Re: A true story of a crash.

Rik van Riel (linker@z.ml.org)
Sat, 15 Aug 1998 10:50:56 -0400 (EDT)


You could also check what processes have network sockets open.

You done want to kill:

1) Daemons (children of init)
2) root processes
3) processes with network clients
4) processes with special permissions (anything banging the hardware)
5) anything else without a controling terminal
6) would it be reasonable to make all non root daemons run with a GID of
<100? if so dont kill these.

After you've eliminated from the killable list:

You sigterm, and log:

1) Processes activly trying to allocate memory
2) Processes that have only been running a short time
3) Big processes
4) processes with lots of children (fork bombs)
5) big process trees (you add up the ram of all the children)
6) processes with shared memsegments
7) auto remove any dangling shm segments.

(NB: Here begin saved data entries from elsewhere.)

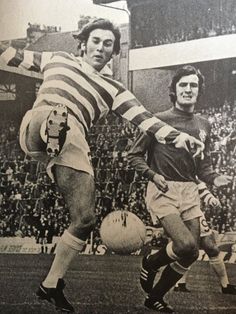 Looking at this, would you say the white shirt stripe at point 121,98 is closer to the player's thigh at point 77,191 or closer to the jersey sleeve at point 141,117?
the jersey sleeve at point 141,117

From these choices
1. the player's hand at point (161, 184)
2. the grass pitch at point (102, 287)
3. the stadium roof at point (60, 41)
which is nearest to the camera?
the grass pitch at point (102, 287)

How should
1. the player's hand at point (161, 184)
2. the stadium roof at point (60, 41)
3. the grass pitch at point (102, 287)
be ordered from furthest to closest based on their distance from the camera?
1. the stadium roof at point (60, 41)
2. the player's hand at point (161, 184)
3. the grass pitch at point (102, 287)

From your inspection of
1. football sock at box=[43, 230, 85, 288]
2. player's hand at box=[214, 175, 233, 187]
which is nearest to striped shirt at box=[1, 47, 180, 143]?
player's hand at box=[214, 175, 233, 187]

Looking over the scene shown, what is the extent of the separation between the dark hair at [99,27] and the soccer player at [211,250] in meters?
0.81

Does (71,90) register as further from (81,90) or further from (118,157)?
(118,157)

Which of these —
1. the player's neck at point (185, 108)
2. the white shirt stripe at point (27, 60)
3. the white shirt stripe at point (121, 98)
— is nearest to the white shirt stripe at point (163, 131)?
the player's neck at point (185, 108)

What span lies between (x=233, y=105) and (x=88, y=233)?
0.92m

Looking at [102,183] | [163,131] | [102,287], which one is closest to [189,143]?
[163,131]

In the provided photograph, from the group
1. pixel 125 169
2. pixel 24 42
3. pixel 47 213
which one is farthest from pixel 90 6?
pixel 47 213

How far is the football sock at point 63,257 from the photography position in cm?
280

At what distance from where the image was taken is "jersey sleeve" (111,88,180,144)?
2812mm

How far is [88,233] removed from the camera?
110 inches

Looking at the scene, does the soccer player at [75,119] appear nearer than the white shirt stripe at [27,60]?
Yes

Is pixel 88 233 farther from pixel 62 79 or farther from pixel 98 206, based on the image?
pixel 62 79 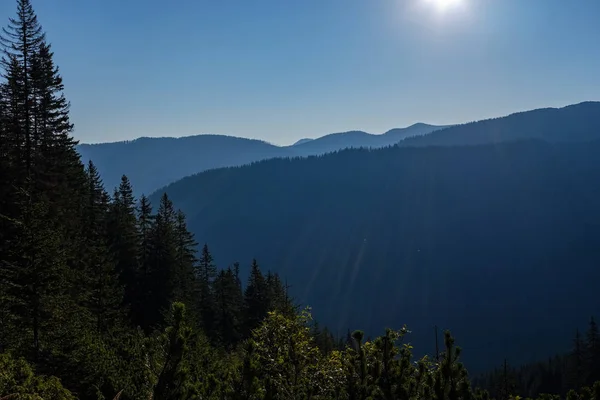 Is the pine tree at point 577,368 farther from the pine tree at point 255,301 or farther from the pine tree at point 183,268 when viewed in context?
the pine tree at point 183,268

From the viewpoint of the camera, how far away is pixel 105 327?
2283 centimetres

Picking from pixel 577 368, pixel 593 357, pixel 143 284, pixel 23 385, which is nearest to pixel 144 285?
pixel 143 284

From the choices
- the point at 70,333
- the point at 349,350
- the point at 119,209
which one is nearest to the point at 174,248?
the point at 119,209

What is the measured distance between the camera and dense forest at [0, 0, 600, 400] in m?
7.53

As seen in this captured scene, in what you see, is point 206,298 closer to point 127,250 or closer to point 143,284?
point 143,284

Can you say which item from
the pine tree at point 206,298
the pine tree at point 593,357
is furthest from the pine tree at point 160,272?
the pine tree at point 593,357

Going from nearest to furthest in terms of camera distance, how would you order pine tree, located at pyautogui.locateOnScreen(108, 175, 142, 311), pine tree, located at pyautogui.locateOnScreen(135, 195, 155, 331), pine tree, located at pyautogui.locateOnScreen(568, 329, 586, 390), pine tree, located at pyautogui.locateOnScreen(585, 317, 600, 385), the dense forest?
the dense forest, pine tree, located at pyautogui.locateOnScreen(135, 195, 155, 331), pine tree, located at pyautogui.locateOnScreen(108, 175, 142, 311), pine tree, located at pyautogui.locateOnScreen(585, 317, 600, 385), pine tree, located at pyautogui.locateOnScreen(568, 329, 586, 390)

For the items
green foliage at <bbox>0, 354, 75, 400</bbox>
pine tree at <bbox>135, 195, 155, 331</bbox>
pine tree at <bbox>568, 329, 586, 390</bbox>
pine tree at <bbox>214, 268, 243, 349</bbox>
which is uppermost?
green foliage at <bbox>0, 354, 75, 400</bbox>

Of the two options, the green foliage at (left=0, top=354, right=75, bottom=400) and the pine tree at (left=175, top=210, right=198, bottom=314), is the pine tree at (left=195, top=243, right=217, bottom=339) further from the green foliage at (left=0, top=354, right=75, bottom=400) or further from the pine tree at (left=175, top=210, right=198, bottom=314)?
the green foliage at (left=0, top=354, right=75, bottom=400)

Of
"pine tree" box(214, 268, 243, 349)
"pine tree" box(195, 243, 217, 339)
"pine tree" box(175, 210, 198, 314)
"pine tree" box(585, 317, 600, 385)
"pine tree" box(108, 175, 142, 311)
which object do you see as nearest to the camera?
"pine tree" box(108, 175, 142, 311)

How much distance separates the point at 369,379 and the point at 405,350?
884 mm

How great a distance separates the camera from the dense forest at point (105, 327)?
24.7 ft

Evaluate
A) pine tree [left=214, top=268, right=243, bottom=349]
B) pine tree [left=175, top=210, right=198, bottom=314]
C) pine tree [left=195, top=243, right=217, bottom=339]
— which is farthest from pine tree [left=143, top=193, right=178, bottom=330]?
pine tree [left=214, top=268, right=243, bottom=349]

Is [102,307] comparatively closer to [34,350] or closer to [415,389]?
[34,350] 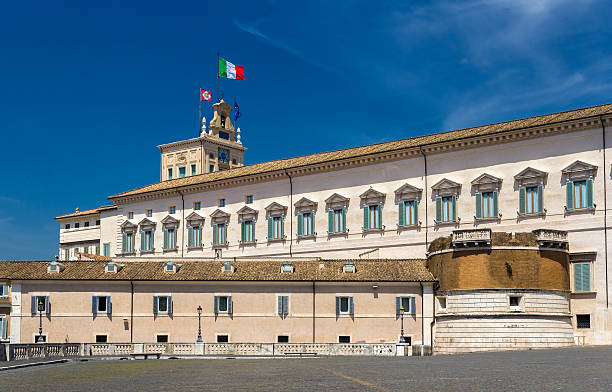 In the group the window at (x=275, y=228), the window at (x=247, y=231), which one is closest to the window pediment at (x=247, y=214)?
the window at (x=247, y=231)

After this you then sigkill the above if you are still tight.

Then, if you are still tight you sigterm:

6) processes with mlocked memory (excluding the first list)
7) All tasks not running with uid 0, or gid<100.

Then you kill the above.

Then you wait a userdefinable time out, and either reboot the computer or
kil everything except init and signal init to resart.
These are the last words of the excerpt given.